This is an article that I wrote about two years ago. I like to share it with you because I think that it contains a few nice rules for writing better software.
When creating websites, there is a time when you want to put some dynamically generated output to the web browser. With a CGI script this is done by printing to stdout. When you don't take some simple precautions it will be easy for crackers to take over your website.
The simple rule is: encode all output. This means that if data is going from your program to another place, you should encode it. The way in which the data will be encoded is dependent on where it's going. I will show this with three examples.

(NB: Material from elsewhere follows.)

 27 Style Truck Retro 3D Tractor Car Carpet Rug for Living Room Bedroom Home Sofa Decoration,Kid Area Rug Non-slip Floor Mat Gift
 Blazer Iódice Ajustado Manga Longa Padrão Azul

Rule #1: Encode all dynamic output
HTML
On a webpage with HTML it's possible for an evil person to change parts of the website. Sometimes this isn't a very big problem, like when it's only possible to have the HTML on his own page. But when it's possible to get user input on another users page, then there is a possibility for cross site scripting (XSS), which is something you don't want.

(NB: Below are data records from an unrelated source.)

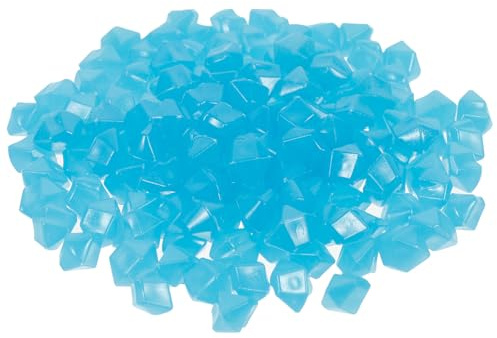 Kisangel 400 Pièces Galets Décoratifs Lumineux pour Aquarium en Résine Bleu, Pierres Artificielles pour Décoration Jardin et Allée Extérieure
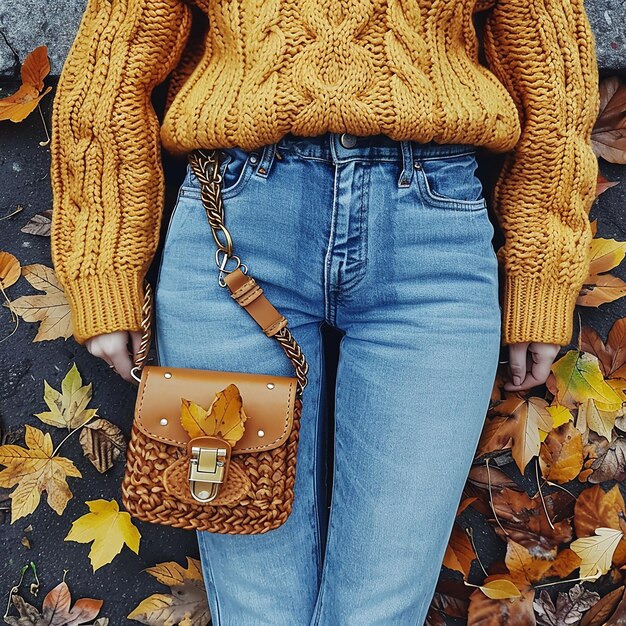 A close-up shot of a stylish pair of distressed Shein denim jeans paired with trendy ankle boots and a chic crossbody bag, highlighting the intricate details of the denim and accessories.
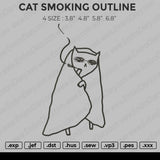 CAT SMOKING OUTLINE Embroidery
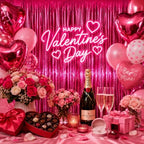 Hot Pink Fringe Backdrop, 4 Pack 3.3 x 6.6 ft Foil Fringe Curtains in 3.3 x 6.6 ft, alternate view 6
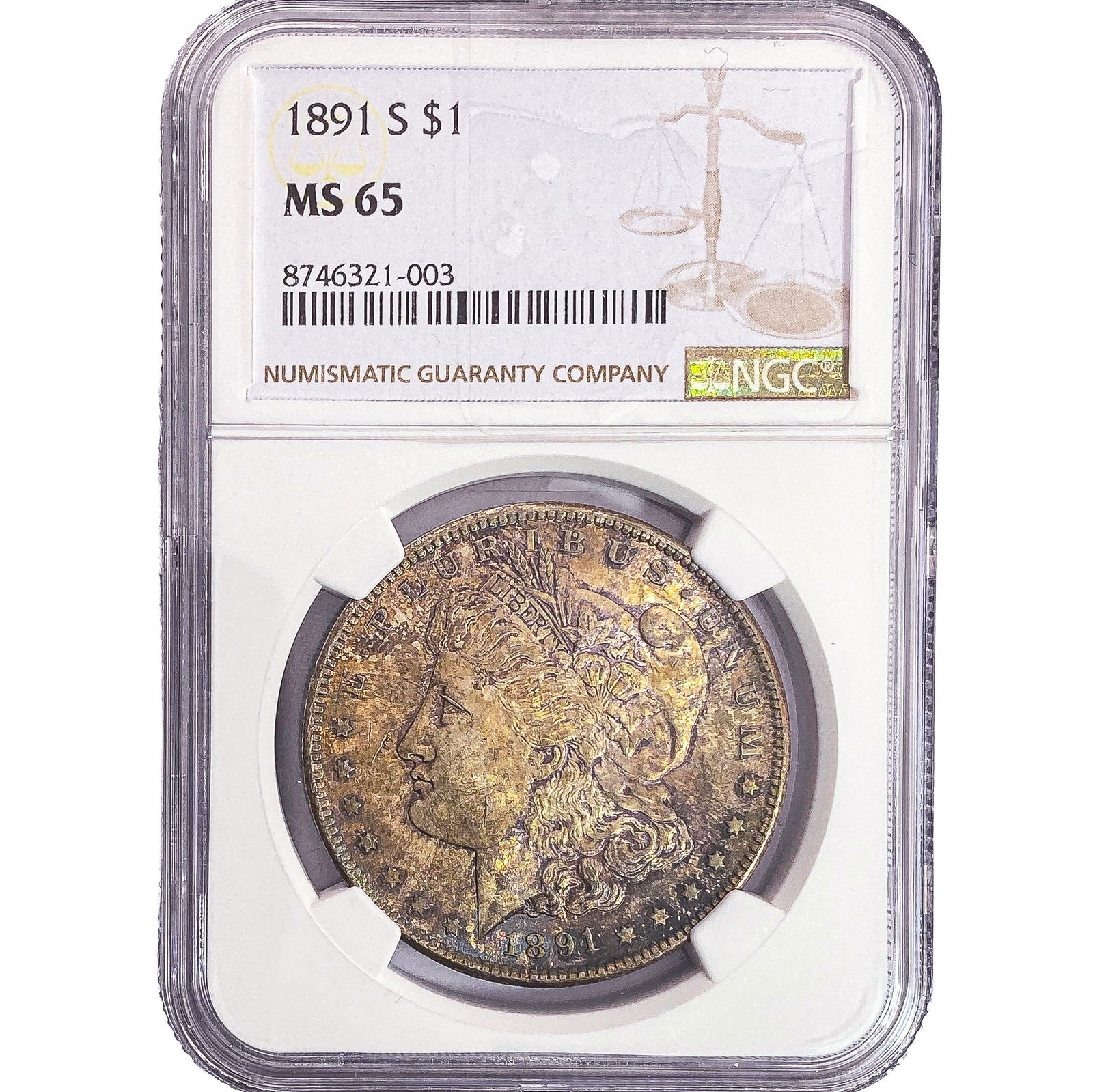 1891 Morgan Silver Dollar NGC MS65: 1891 Morgan Silver Dollar NGC MS65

Next I will show a simple php program with a problem.
<html> <body> <form action="badscript.php" method="post" > Email: <input type="text" name="email" /> <input type="submit" value="Mail me!" /> </form> </body></html>
This will look like the following webpage.
OK, so this is really simple. The next part of this needs a badly written php script.
<?php echo "The text you wrote is: " . $_POST["email"] . "</br>"; echo 'Try again: <form action="badscript.php" method="post" > Email: <input type="text" name="email" value="' . $_POST['email'] . '"/> <input type="submit" value="Mail me!" /> </form>'; ?>
So now let's try the script. This script let's you write some text, and then text will get printed on the webpage when you click the button. Now you can try some things. Nice examples are: normal text, some text with a bit html, like bold tags, or things with quotes.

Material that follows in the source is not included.